Différents modèles de formation des complexes mésappariement-MutSα-MutLα et de la signalisation subséquente pour la réparation ont été proposés. L’un d’eux suggère que MutSα et MutLα forment une pince coulissante qui diffuse le long de l’ADN jusqu’à son interaction avec le signal de discrimination du brin. Un autre établit une capture de MutSα à proximité du mésappariement par MutLα et une polymérisation de MutLα induite par MutSα (Hombauer et al., 2011; Modrich, 2006). Concernant le retrait du mésappariement, trois mécanismes sont évoqués. Le premier correspond à l’excision de 5’ en 3’ par EXO1, où MutSα piège le domaine C-terminal d’EXOI, ce qui supprime l’action auto-inhibitrice de son site catalytique, permettant l’excision du brin de 5’ en 3’ jusqu’au niveau du mésappariement. Le deuxième implique également des extrémités d’ADN 5’, mais le retrait du mésappariement repose sur une synthèse d’ADN par les polymérases Polδ ou ε, par déplacement de brin. Enfin, la troisième possibilité est une excision du mésappariement de 3’ en 5’ grâce à l’activité exonucléasique de Polδ et ε (Kadyrova and Kadyrov, 2016).

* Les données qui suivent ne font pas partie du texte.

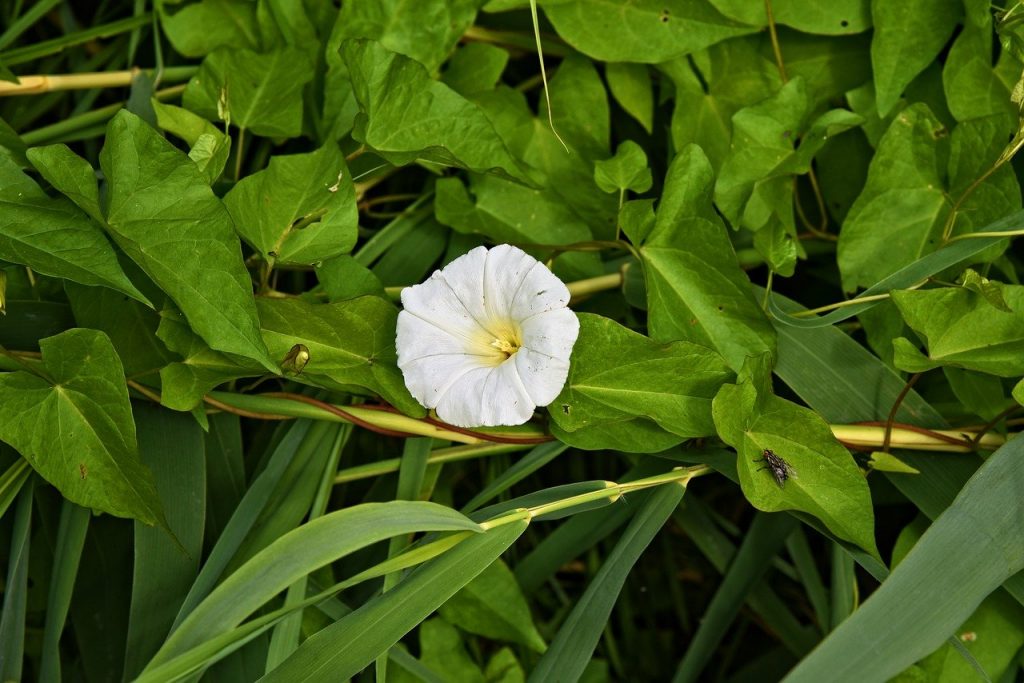 Hedge bindweed control methods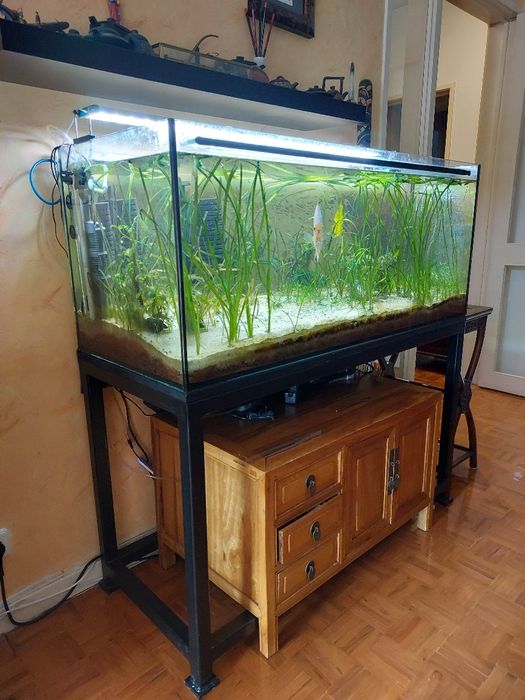 Aquario 120x50x50cm completo para venda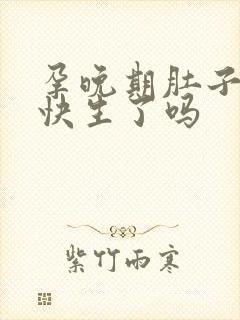 孕晚期肚子大是快生了吗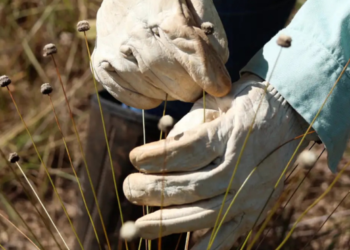 Pesquisadores redescobrem plantas consideradas extintas há mais de três décadas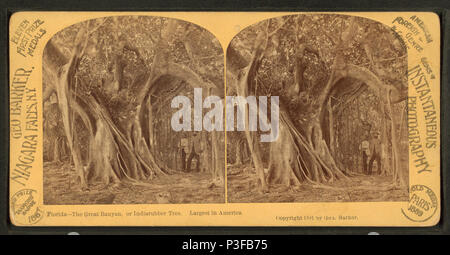 . The Great Banyan or Indiarubber tree. Largest in America. Florida. Alternate Title: Instantaneous photography.  Coverage: 1868?-1910?. Source Imprint: 1868?-1910?. Digital item published 7-18-2005; updated 2-12-2009. 309 The Great Banyan or Indiarubber tree. Largest in America. Florida, from Robert N. Dennis collection of stereoscopic views Stock Photo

Le système MMR est impliqué dans d’autres voies du métabolisme de l’ADN, comme la recombinaison mitotique et méiotique. Cette dernière implique principalement MutLγ (MLH1-MLH3) qui semble fonctionner avec le complexe MSH4-MSH5 (Lipkin et al., 2002). Les protéines MMR sont fortement impliquées dans la recombinaison homologue (HR) et la jonction des extrémités non homologues (NHEJ). La recombinaison homologue apparie les chromosomes homologues avant la méiose, ce qui assure la diversité génétique de la reproduction sexuée. Elle est initiée au cours de la méiose par de nombreuses cassures double brin programmées. De l’échange de brins qu’elle entraîne résultent des hétéroduplexes d’ADN qui présentent des nucléotides mésappariés, dus aux différences des séquences

chromosomales parentales. Le système MMR assure la prise en charge de ces mésappariements, ce qui conduit à l’échange non réciproque de l’information génétique (ou conversion génique). Le MMR supprime la recombinaison homologue lorsque l’ADN hétéroduplexe formé contient un excès de bases mésappariées. Cette régulation assure la précision de la réparation des cassures double brin et contribue au maintien des barrières interespèces de la reproduction sexuée (Spies and Fishel, 2015).